[Tutor] Entity to UTF-8

Ezequiel, Justin j.ezequiel@spitech.com
Tue Apr 29 23:53:05 2003


Greetings.

I need to convert entities (α) in an XML file to the actual UTF-8 characters (?).
Currently, I am using this bit of code (prototype to see if I can actually do it).
This seems to work just fine but I was wondering if there are other ways of doing this.

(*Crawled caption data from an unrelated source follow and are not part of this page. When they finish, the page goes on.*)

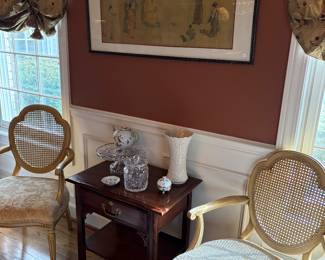 Asian screen print, two arm chairs with cane backs and upholstered seats, and Asian inspired side chest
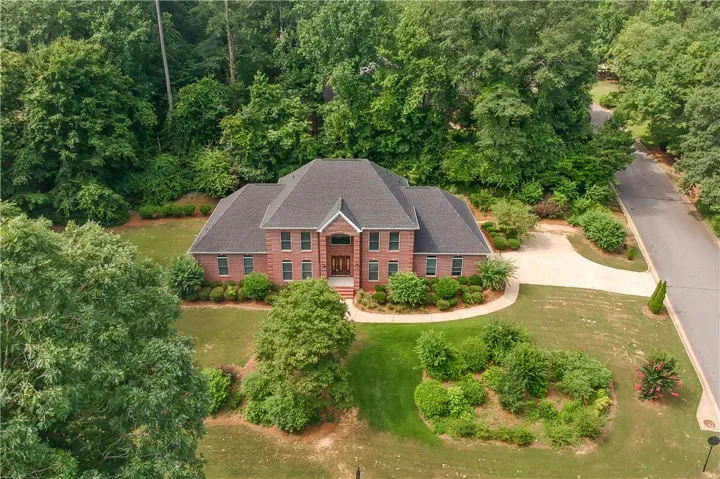 Mature trees and lush landscaping frame this grand brick residence, offering privacy and curb appeal.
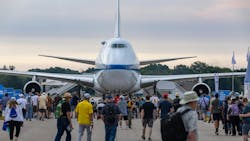 A large airplane sits on pavement surrounded by people walking on the ground around it A large airplane sits on pavement surrounded by people walking on the ground around it
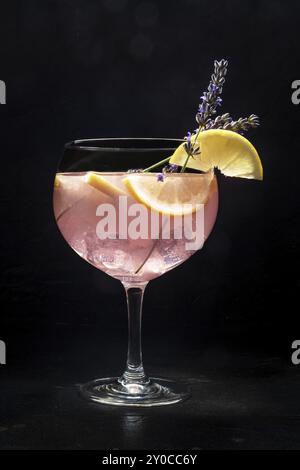 Cocktail avec fruits frais et fleurs. Gin et boisson tonique avec de la glace à une fête, sur un fond noir. Alcool avec lavande et citron Banque D'Images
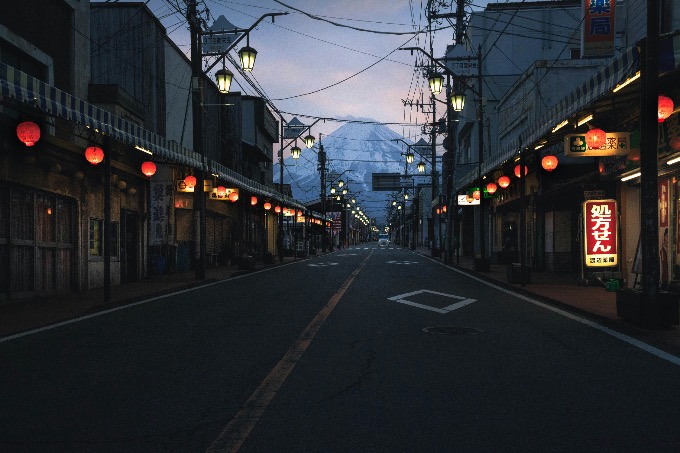Empty street in Japan with red lanterns and Mt. Fuji in the distance at dusk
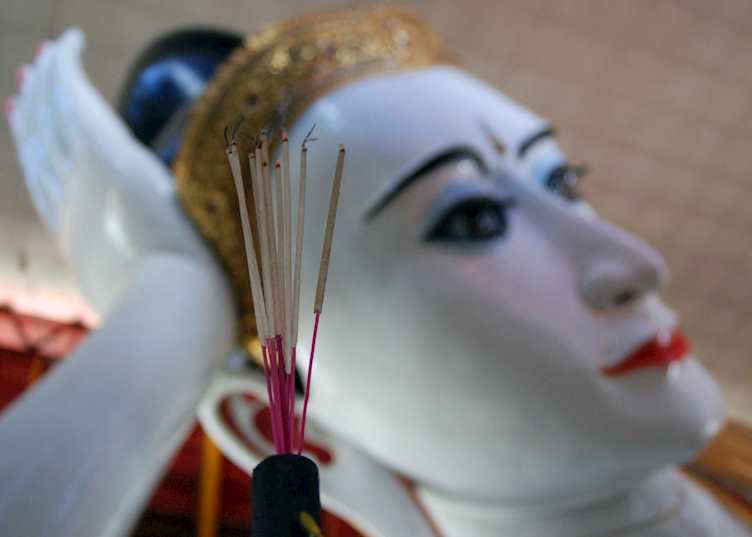 Incense sticks burn below the enormous reclining Buddha in Yangon
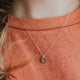 A custom necklace pendant with an evergreen tree stamped onto this gold necklace by Hello Adorn.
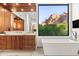 Beautiful bathroom featuring modern fixtures, a soaking tub and mountain view at 5724 N Echo Canyon Dr, Phoenix, AZ 85018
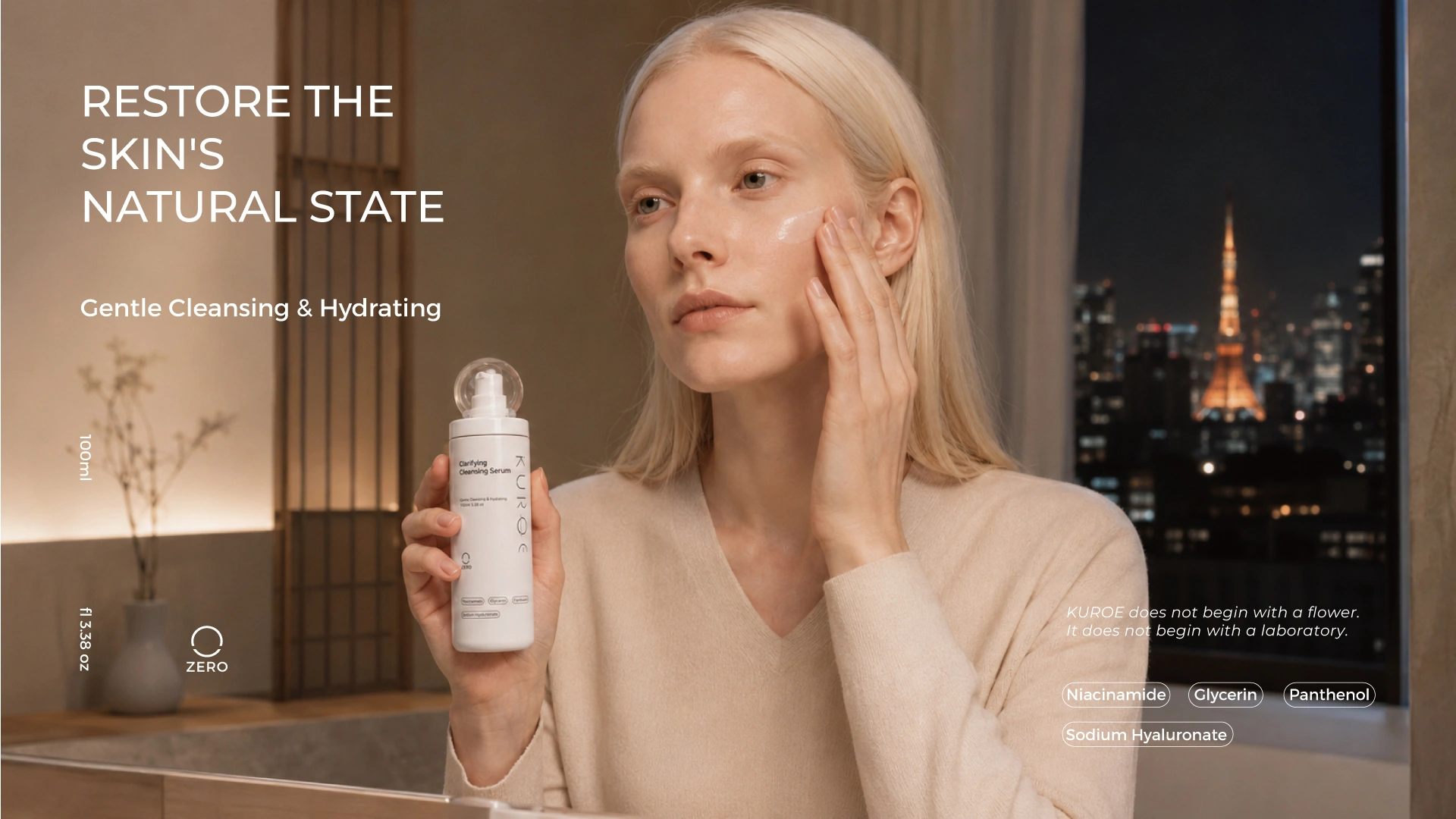 Model applying KUROE Clarifying Cleansing Serum in a Tokyo apartment at night with the city skyline through the window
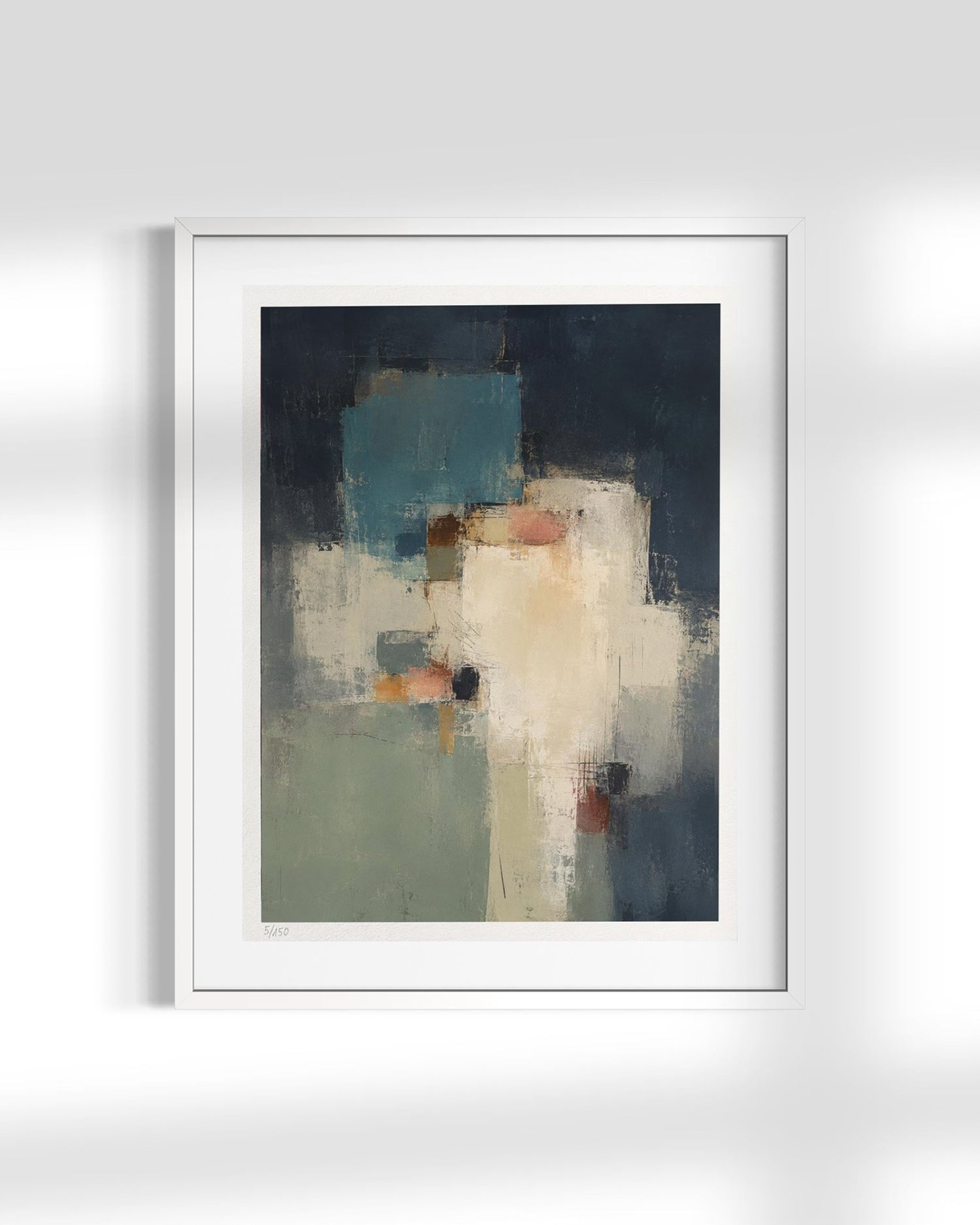 A framed abstract art print featuring a modern composition of dark navy, teal, cream, and sage green blocks, presented in a white frame against a light gray wall with soft shadows.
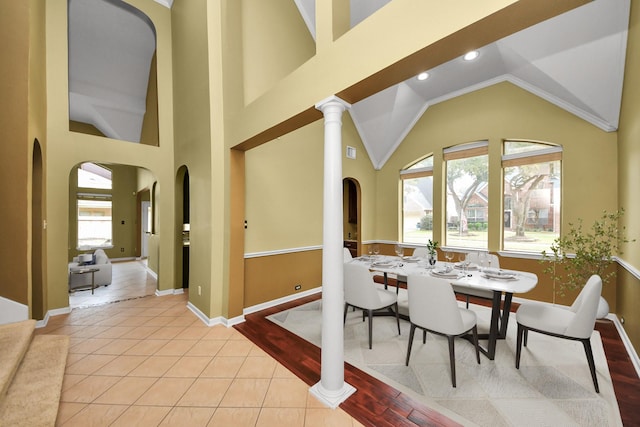 dining area with arched walkways, high vaulted ceiling, light tile patterned flooring, recessed lighting, and baseboards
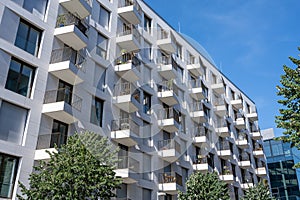 White apartment building with many small balconies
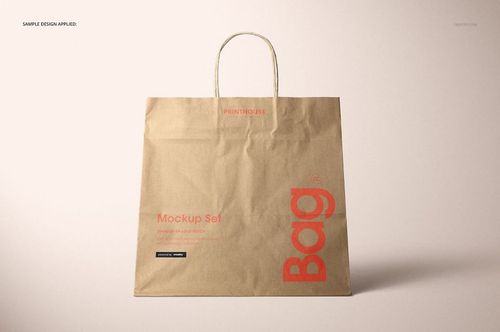 Natural kraft paper shopping bag mockup with red lettering, shown upright with handles against a light backdrop.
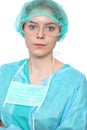 Young female surgeon doctor standing with arms crossed and smiling, Isolated over white background Royalty Free Stock Photo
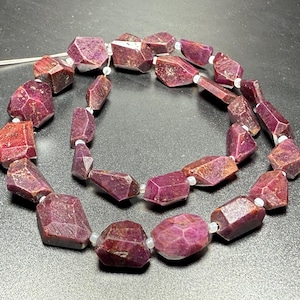 May include: Strand of faceted ruby beads. The beads are a deep red-purple colour with variations in tone. Each bead is irregularly shaped and strung on a white cord, creating a necklace or bracelet.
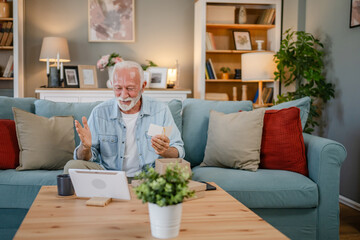 one senior man open box presents and read card while on video call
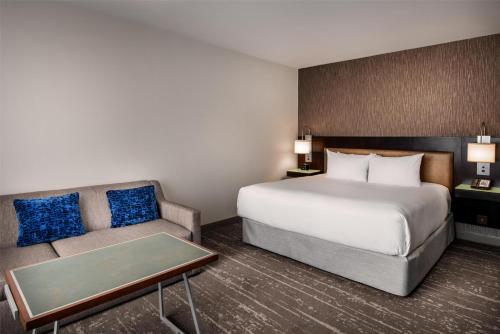 a hotel room with a bed and a couch at Hyatt Regency Indianapolis at State Capitol in Indianapolis
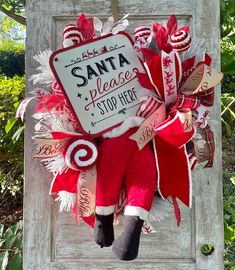 a christmas wreath with santa's please stop here sign hanging on an old door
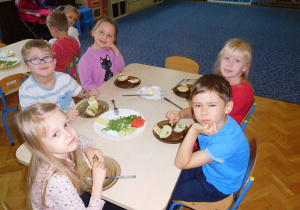 dzieci przy stoliku wykonują kanapki
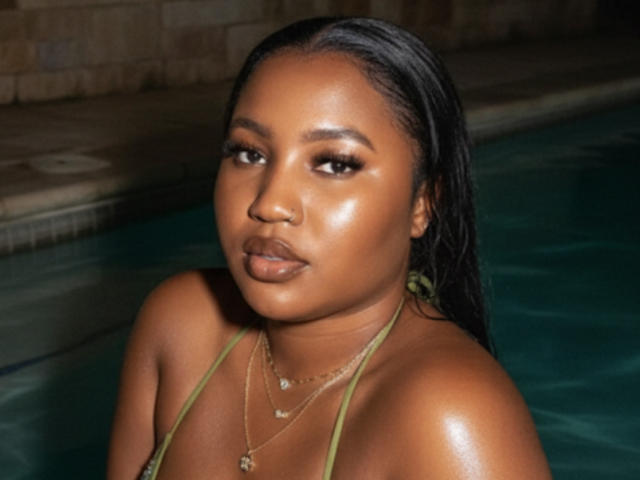 StarHottie, a dark-skinned woman with wet black hair, stands in a pool. She wears a green halter top, multiple thin gold necklaces. Her makeup is bold with shimmery eyeshadow and glossy lips. Her expression is neutral. The water is dark green, pool edge is tiled. StarHottie's skin is shiny, highlighting her facial features. The image is a photograph with a realistic style, focusing on her upper body.
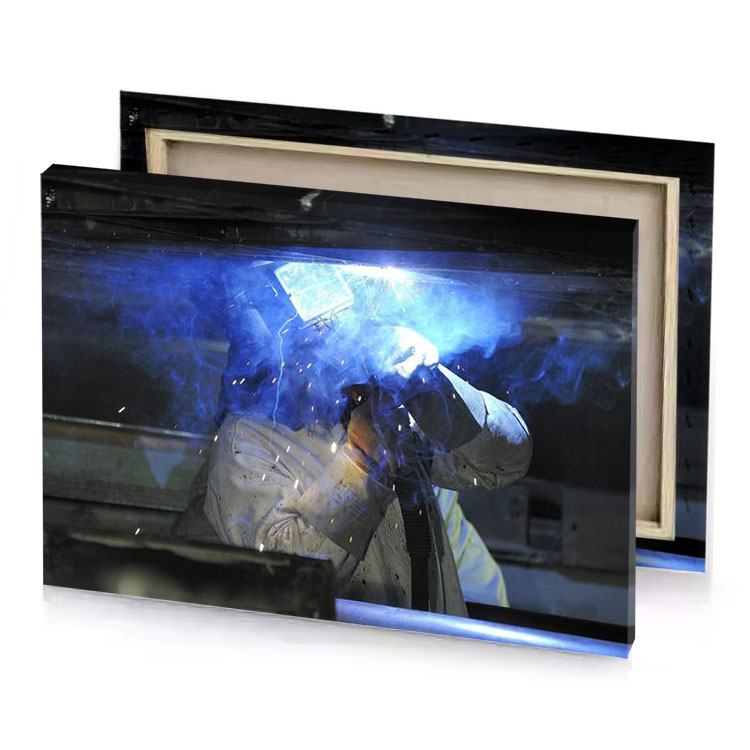 a man in white coat is welding royal blue canvas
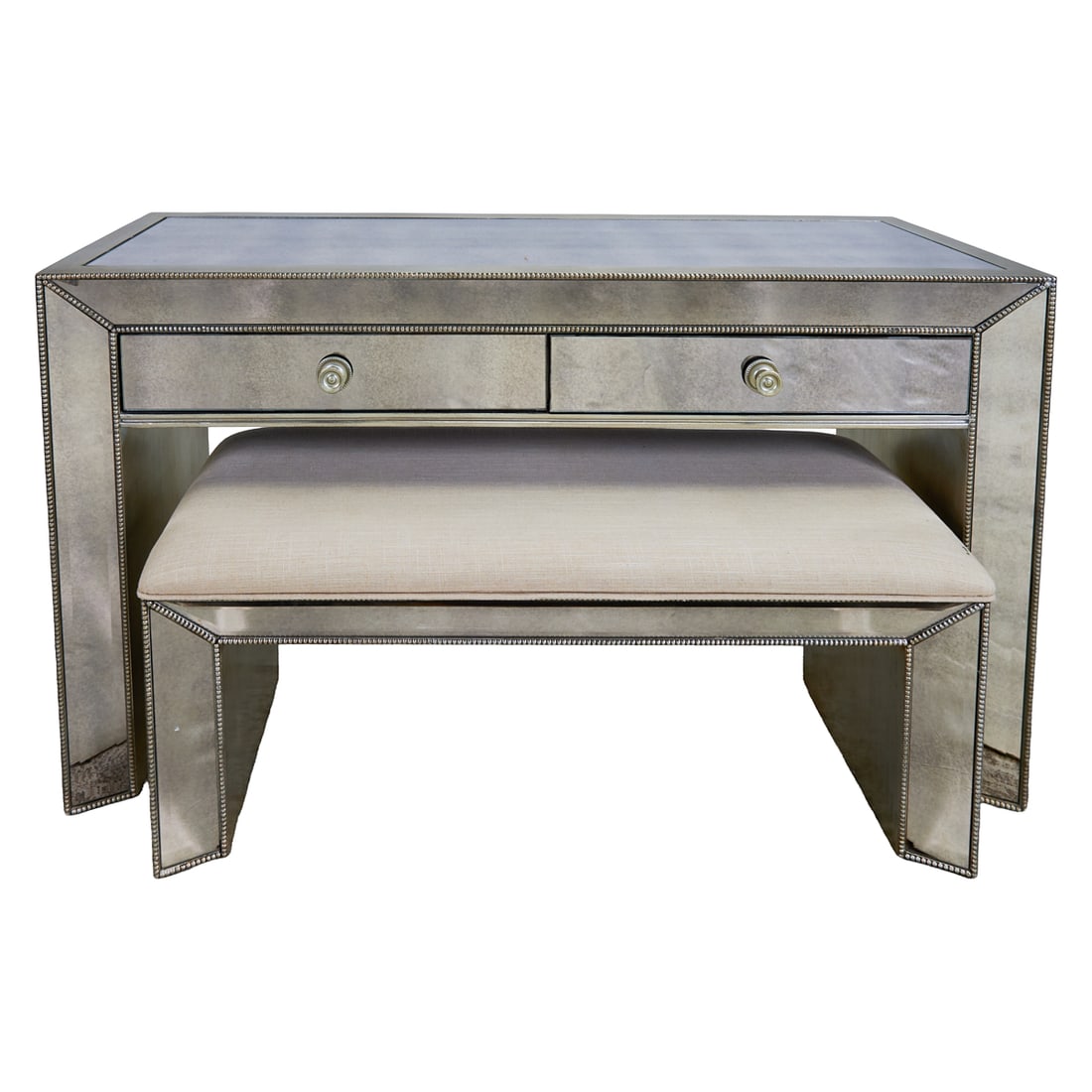 Art Deco Style Mirrored Vanity and Matching Bench: Art Deco Style Mirrored Vanity and Matching Bench, the waterfall top over two shallow drawers, and the fitted settee, of conforming design, inset with mirrored panels throughout.{Approximate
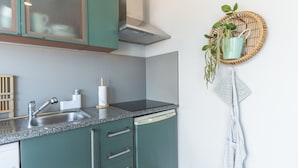 A kitchen with teal cabinets, a stainless steel sink, and a dish drying rack with a plant. - Pitanga by Atlantic Holiday (Camara de Lobos)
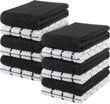A stack of black and white towels stacked on top of each other.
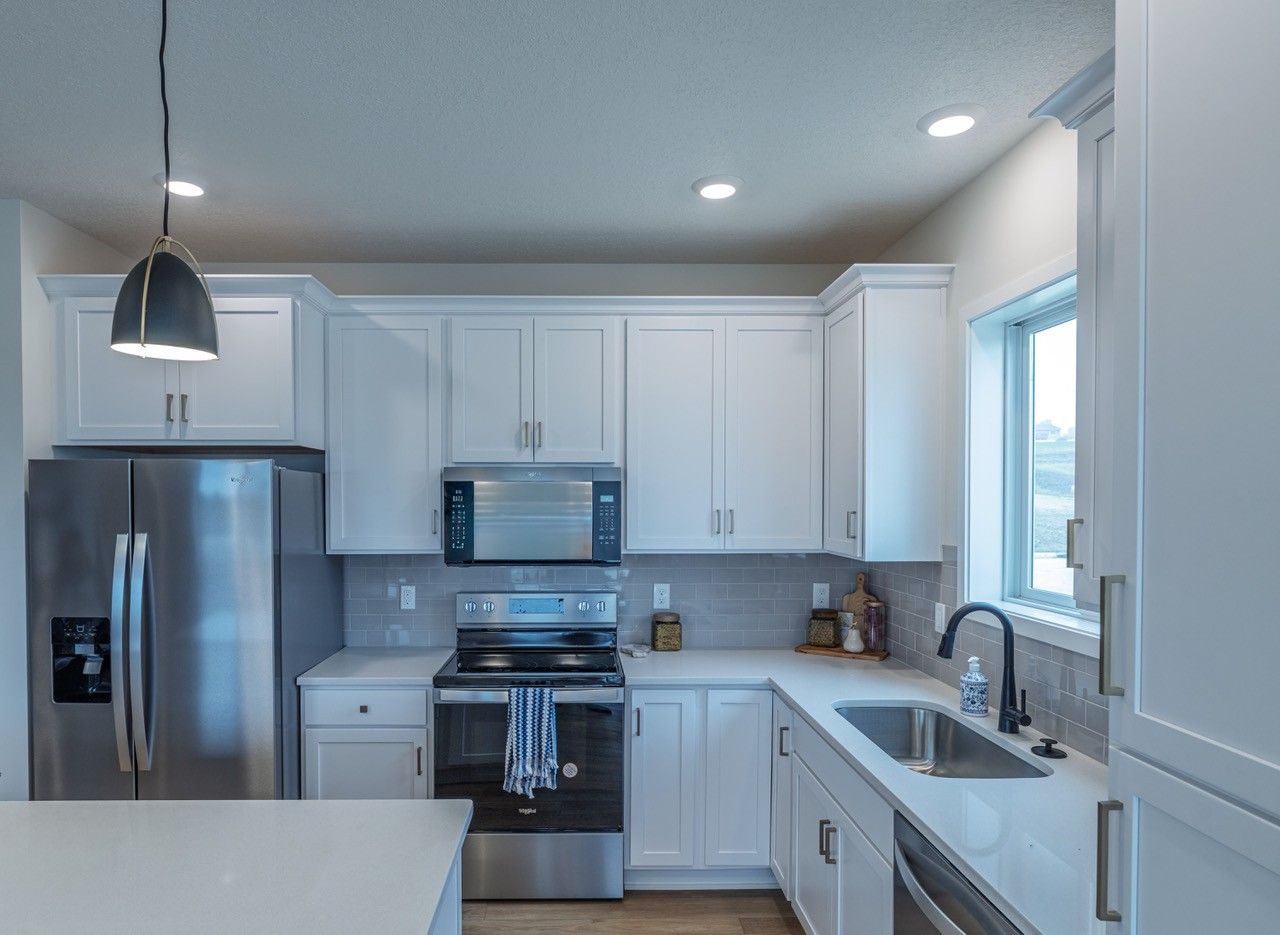 White kitchen with stainless steel appliances, white cabinets, and a sink.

##--------------------------------------------------
import codecs
import re

(utf8_encode, utf8_decode, utf8_reader, utf8_writer) = codecs.lookup("utf-8")
patt = '&#([^;]+);'

def ToUTF8(matchobj):
    return unichr(long(matchobj.group(1)))

def GetUTF8(pth):
    infile = utf8_reader(open(pth))
    readstr = infile.read()
    infile.close()
    return readstr

def WriteUTF8(pth, str):
    outf = utf8_writer(open(pth, 'w'))
    outf.write(str)
    outf.close()

ustr = GetUTF8('input.htm')

ustr = re.sub(patt, ToUTF8, ustr)

WriteUTF8('output.htm', ustr)
##--------------------------------------------------

sample input file (actual production files would be XML):
<HTML>
<HEAD>
<META http-equiv="Content-Type" content="text/html; charset=UTF-8"/>
<TITLE>TESTING</TITLE>
</HEAD>
<BODY>
<P>&#65279; &#1103; &#1078; &#1097; &#1102; &#1092; &#1081; &#1073; &#8936; &#8995; &#62; &#9742; &#945;</P>
<P>&#65279; &#1103; &#1078; &#1097; &#1102; &#1092; &#1081; &#1073; &#8936; &#8995; &#62; &#9742; &#945;</P>
</BODY>
</HTML>

sample output file:
<HTML>
<HEAD>
<META http-equiv="Content-Type" content="text/html; charset=UTF-8"/>
<TITLE>TESTING</TITLE>
</HEAD>
<BODY>
<P>? ? ? ? ? ? ? ? ? ? > ? ?</P>
<P>? ? ? ? ? ? ? ? ? ? > ? ?</P>
</BODY>
</HTML>

Can you point me to resources/tutorials if any for this?
Is there a HowTo for the codecs module?
Maybe there are other modules I should look at (XML?).

Actual (production) input files would most likely have &alpha; instead of &#945; but &#x3B1; is also possible.

BTW, is there a built-in method to convert a Hex string ('3B1') to a long (945)?
I am currently using my own function (am too embarrassed to post it here).